I am very worried about my library. I know that I can’t bring all my books – I can’t afford it, and it wouldn’t be practical. But surely there’s a place for some classic Barth, and some recent Len Sweet, and – a guilty pleasure – an unread bio of Bob Dylan?!! I’ll need at least one set of commentaries, if not two. And my favorite translations of the Bible?!

I am sad to report that Bill W. wrote back with the following sad news. Let me quote him directly:

“The water runs deep and wide as concerns your books. I was cured of this in (another African country). I had 90% of my library with us, (including) many notes and books that William Barclay had given me when I was studying at Glasgow University and he was my faculty adviser. But, Wes, the war took them all. I got out with only one suitcase of clothes. I have never rebuilt my library and things have gone well for the most part. Here is what we suggest: Bring 12-20 books maximum.”

Wait just a minute. I can handle doing without sports talk radio. I can sacrifice Starbucks. I will even give up my DSL line. But my books??!!

I’m not sure why this causes me so much anxiety. I don’t think it’s simply a matter of personal pleasure, the way that I’ll miss certain aspects of American pop culture. And it’s not even that I use all my books very often. I have a few that are regularly consulted and used, but those are the ones that will make the cut. Most of my books are simply titles on a shelf, which have been read one, or fewer, times. Seriously, when is the last time that I picked up that book on feminist postmodern readings of Yahwist texts?

No, it goes much deeper than that. The more I think about it, the more I come to realize that my library may have become simply a safety net. Those books on the shelf made me feel like I knew what I was doing in the pastoral office. When it came time to prepare the sermon, I could turn around and pull volumes, scan titles, and actually feel like I was doing professional research.

However, the truth is, when it came time to actually write the sermon, I found that the books were largely unhelpful. I always came back to my own congregation, its needs and fears, hopes and desires, and found a way to speak God’s words of mercy or self-examination to them in their own language.

Books only helped rarely, to be honest. To be sure, I’d find the occasional relevant story or anecdote. I quoted monks and mystics, as well as historians and theologians, from time to time.

But when it came time to connecting the Bible to the people in the pews, books are only one source of inspiration. I probably quoted more often from Jerry Seinfeld, Bob Dylan and Bono.

Seriously, what does it matter what Niebuhr thought about ethics?
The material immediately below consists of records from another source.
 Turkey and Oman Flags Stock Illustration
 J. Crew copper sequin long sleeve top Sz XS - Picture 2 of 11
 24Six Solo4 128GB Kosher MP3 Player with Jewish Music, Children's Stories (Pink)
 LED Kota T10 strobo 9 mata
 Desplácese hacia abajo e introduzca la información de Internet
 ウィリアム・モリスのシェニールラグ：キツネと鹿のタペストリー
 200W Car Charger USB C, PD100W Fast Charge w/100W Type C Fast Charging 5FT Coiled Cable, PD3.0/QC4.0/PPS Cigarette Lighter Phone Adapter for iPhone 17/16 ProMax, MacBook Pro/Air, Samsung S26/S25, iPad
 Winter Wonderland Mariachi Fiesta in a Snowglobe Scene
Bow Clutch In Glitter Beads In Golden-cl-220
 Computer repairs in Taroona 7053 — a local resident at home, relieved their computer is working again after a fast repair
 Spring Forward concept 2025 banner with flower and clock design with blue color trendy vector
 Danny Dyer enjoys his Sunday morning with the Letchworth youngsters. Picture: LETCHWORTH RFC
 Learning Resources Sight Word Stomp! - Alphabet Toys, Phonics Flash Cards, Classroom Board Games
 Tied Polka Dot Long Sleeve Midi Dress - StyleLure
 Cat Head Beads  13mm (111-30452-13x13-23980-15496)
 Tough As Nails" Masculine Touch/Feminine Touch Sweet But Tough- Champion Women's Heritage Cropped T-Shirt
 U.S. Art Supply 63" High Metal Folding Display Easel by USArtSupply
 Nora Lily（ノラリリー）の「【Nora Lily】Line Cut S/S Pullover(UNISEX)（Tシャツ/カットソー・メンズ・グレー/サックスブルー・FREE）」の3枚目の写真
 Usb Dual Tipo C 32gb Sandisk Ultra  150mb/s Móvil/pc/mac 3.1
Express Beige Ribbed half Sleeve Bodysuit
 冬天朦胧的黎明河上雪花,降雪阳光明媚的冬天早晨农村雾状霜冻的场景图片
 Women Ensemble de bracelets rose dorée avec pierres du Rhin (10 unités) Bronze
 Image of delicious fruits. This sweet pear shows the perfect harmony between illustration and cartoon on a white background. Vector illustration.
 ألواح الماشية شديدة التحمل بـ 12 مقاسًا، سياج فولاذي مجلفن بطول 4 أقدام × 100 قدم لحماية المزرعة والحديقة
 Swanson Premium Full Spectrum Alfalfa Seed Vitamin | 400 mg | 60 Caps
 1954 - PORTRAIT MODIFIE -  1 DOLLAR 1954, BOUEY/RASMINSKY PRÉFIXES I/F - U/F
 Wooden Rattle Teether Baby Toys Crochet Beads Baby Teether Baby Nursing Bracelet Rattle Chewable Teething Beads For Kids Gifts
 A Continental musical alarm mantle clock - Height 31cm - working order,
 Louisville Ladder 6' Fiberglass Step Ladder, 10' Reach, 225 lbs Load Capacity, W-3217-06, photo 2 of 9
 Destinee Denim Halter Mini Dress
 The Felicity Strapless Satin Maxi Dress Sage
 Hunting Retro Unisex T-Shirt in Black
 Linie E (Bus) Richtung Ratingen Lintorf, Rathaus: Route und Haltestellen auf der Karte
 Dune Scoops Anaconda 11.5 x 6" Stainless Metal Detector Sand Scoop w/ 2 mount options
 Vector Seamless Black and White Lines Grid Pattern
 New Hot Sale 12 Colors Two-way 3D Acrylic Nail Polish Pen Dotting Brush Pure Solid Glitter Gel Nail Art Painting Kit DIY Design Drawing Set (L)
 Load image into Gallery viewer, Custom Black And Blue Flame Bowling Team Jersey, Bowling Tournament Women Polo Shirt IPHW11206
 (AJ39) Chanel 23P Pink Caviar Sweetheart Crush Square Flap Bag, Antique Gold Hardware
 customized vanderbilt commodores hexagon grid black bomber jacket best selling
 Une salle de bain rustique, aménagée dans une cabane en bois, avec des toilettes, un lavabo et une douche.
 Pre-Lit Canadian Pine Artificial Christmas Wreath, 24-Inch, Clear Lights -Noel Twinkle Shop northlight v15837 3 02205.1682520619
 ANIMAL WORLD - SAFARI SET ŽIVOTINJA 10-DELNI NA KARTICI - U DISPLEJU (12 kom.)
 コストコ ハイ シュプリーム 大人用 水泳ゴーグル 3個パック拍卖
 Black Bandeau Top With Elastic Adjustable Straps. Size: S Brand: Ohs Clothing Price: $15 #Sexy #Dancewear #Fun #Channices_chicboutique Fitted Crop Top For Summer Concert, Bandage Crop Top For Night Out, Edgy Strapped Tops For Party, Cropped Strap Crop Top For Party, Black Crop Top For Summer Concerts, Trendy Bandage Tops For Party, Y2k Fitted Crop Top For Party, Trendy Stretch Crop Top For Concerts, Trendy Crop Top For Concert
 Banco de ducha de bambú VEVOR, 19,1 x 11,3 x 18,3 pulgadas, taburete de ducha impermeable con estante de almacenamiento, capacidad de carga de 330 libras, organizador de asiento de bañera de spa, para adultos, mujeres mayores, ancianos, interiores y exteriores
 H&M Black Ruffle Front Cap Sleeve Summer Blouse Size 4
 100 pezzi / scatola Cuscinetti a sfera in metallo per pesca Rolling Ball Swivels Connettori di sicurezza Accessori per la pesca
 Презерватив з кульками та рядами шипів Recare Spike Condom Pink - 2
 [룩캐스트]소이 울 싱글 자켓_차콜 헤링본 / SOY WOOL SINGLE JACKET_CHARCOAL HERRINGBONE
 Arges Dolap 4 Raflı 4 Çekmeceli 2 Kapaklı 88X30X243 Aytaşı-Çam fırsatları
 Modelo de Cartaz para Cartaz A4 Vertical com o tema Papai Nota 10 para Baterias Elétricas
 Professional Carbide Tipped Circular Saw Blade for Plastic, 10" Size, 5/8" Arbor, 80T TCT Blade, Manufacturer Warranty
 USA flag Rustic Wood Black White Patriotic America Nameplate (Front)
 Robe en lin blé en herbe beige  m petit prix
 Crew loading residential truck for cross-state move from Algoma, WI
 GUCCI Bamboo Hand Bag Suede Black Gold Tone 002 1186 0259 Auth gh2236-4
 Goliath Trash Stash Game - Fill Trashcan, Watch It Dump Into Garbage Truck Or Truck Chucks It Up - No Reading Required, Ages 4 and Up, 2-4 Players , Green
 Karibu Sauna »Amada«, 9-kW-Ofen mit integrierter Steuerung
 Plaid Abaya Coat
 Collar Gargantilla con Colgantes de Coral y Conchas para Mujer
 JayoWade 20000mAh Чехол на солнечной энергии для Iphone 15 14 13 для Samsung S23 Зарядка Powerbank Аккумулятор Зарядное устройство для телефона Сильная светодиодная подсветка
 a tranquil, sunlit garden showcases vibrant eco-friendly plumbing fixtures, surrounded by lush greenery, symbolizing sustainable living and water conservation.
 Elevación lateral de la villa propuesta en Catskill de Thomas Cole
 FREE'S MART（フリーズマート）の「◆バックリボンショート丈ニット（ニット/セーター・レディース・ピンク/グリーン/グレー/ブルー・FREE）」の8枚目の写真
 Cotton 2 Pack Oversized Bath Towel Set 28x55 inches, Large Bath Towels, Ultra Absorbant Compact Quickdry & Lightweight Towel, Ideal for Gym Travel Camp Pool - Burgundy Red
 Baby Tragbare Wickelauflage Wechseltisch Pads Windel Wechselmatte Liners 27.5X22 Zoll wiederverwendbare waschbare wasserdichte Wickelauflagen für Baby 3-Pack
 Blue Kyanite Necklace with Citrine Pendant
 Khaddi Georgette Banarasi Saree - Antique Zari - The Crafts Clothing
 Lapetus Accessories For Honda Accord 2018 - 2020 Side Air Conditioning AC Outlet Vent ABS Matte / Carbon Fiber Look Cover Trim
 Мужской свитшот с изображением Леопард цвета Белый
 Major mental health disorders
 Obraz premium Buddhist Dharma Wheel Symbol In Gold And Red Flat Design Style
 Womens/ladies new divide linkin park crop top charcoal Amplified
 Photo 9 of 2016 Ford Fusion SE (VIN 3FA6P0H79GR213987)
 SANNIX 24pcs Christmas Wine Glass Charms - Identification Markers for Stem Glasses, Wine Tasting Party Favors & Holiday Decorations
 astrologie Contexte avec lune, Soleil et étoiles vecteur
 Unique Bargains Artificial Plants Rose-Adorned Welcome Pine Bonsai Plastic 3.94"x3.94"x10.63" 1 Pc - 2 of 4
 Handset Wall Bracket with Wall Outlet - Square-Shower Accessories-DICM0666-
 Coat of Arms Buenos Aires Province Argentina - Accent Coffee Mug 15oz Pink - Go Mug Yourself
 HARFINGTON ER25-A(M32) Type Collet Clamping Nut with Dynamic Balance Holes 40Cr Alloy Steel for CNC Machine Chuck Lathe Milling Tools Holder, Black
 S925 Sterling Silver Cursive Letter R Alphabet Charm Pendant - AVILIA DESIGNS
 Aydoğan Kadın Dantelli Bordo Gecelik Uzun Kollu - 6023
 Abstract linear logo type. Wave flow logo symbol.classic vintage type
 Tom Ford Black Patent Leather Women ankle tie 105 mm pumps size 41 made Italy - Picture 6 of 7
What does it really matter what Spong thinks about the atonement?

It always comes back to the way God’s word needs to be heard, and made incarnate, in this situation, in this day and time. What is God saying now, and how can the people of God hear that word in a clear and helpful way?

I have a feeling that I already know everything I need to know about doing effective ministry. I don’t mean that I don’t have a lot more to learn, for I do. And I’m not saying that I know everything about ministry, because I certainly don’t.

But I don’t need more books in order to do what God has called me to do. I don’t need more schooling, nor anymore classes. God wants me to get busy putting to use what I already know.

It reminds me of the summer I signed up to play Little League baseball. I showed up at the first practice, bragging to the coach about all the baseball books I’d read.

He looked at me and chuckled, “Son, I don’t care what you read. I just want to see you play ball.”

I spent most of the season sitting on the bench. I discovered the hard way that I’d just spent way too much time reading, and not enough time swinging the bat, fielding grounders, and running the bases.

Well, guess it’s time to play ball!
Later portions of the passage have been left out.